В кабинет вошел Лодыженко, а за ним инженер Тяжелое.

Первое впечатление у Лодыженко было такое, что здесь только что выгоняли мух и поэтому еще не улеглась поднятая пыль. Корреспондент сел за свой стол, заваленный газетами на разных языках, и зажег недокуренную сигару.

Он так примелькался сотрудникам строительства, что на него не обращали внимания даже при решении важных дел. Корреспондентский мандат, да к тому же и от «профсоюзной» печати, оберегал его от всяких неприятностей, и он… читал.

— Виталий Нестерович! — обратился Тяжелое к Преображенскому, здороваясь с ним за руку и не снимая шляпы, сделанной из капюшона плаща. — Товарищ Лодыженко говорит, что на Майли-сайскую систему тоже будет дана пробная вода. Я руководствуюсь пока что вашим распоряжением, а вот…

— А разве я знаю… — раздраженно перебил инженера Преображенский, пожав плечами. Потом полез в карман за табаком — он бросил трубку и иногда курил сигары корреспондента… — Не знаю… — процедил он сквозь зубы, поглядывая на Лодыженко, облокотившегося на стол. — Может быть, у товарища Лодыженко есть последний приказ начальства? — Он всегда подчеркивал слово «начальство» и никогда в третьем лице не называл Саида по фамилии или по должности. — Мне начальство вот как приказало, — и подал телефонограмму Саида. — А впрочем, — спохватился Преображенский, — у товарища Лодыженко есть основания для такого решения. Если вода нужна центральному району, так почему же не дать ее и майлисайцам?

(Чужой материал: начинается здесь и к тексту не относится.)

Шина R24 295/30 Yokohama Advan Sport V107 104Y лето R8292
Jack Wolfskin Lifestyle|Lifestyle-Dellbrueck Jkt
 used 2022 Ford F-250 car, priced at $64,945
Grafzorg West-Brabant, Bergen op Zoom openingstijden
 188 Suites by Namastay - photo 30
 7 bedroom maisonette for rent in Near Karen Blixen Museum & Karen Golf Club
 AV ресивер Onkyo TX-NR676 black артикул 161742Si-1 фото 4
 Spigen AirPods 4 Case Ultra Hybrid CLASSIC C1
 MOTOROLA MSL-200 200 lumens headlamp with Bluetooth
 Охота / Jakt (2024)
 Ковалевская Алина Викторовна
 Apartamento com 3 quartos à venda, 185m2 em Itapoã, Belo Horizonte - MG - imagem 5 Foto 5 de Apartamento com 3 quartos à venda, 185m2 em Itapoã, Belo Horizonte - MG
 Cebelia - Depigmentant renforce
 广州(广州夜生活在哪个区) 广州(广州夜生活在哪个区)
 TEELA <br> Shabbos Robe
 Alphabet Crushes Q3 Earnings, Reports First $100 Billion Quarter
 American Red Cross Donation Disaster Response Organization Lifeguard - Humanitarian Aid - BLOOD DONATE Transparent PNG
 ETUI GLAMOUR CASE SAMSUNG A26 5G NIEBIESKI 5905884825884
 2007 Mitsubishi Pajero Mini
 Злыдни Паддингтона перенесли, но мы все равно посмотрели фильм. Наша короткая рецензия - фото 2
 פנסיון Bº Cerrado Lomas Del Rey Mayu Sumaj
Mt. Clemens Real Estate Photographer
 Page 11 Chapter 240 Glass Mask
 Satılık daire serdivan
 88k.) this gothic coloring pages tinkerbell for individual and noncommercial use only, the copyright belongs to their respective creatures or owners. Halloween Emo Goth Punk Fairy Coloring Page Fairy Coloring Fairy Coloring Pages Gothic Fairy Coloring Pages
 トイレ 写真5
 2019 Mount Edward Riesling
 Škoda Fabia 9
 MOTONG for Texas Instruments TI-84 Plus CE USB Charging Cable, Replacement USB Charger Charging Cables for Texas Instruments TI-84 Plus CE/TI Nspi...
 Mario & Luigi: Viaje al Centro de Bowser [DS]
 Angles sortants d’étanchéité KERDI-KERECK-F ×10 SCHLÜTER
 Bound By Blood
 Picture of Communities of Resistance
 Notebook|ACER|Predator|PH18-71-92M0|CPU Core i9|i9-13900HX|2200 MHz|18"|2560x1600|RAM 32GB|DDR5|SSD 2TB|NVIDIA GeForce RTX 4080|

— Но ведь там еще не забетонирована вся дамба. Если прорвет ее, то погибнет вся система.

— Ну отчего же — «вся система»? — засмеялся Преображенский. — Дамбу восстановить не тяжело, но зачем же ее портить, если воду можно дать только до первого нуля в показателе распределителя.

Тяжелов покачал головой и отошел. Он был молод годами, но еще более молод как инженер. Даже несложные вопросы он решал только самолично. На его участке давно бы уже были закончены работы, если бы не эта дамба, в которую вложили более двухсот тысяч рублей, чтобы подать воду через ущелье, соединявшее центральный распределитель с Майли-сайской системой. Но одетые в бетон лёссовые берега плотины-канала, перегруженные водой, могут легко испортиться. Тогда вода хлынет по ущелью и ударит по Майли-сайскому распределителю. Предусмотренные проектом предохранительные средства предполагалось строить в последнюю очередь, Это и беспокоило молодого инженера.

XIV

Жизнь в Голодной степи забурлила еще сильнее. Упавшие духом дехкане ожили, услыхав о том, что скоро в степь пустят воду. Некоторые уже подумывали было о возвращении к своим старым очагам, а были и такие, что ночью поднимались и уходили.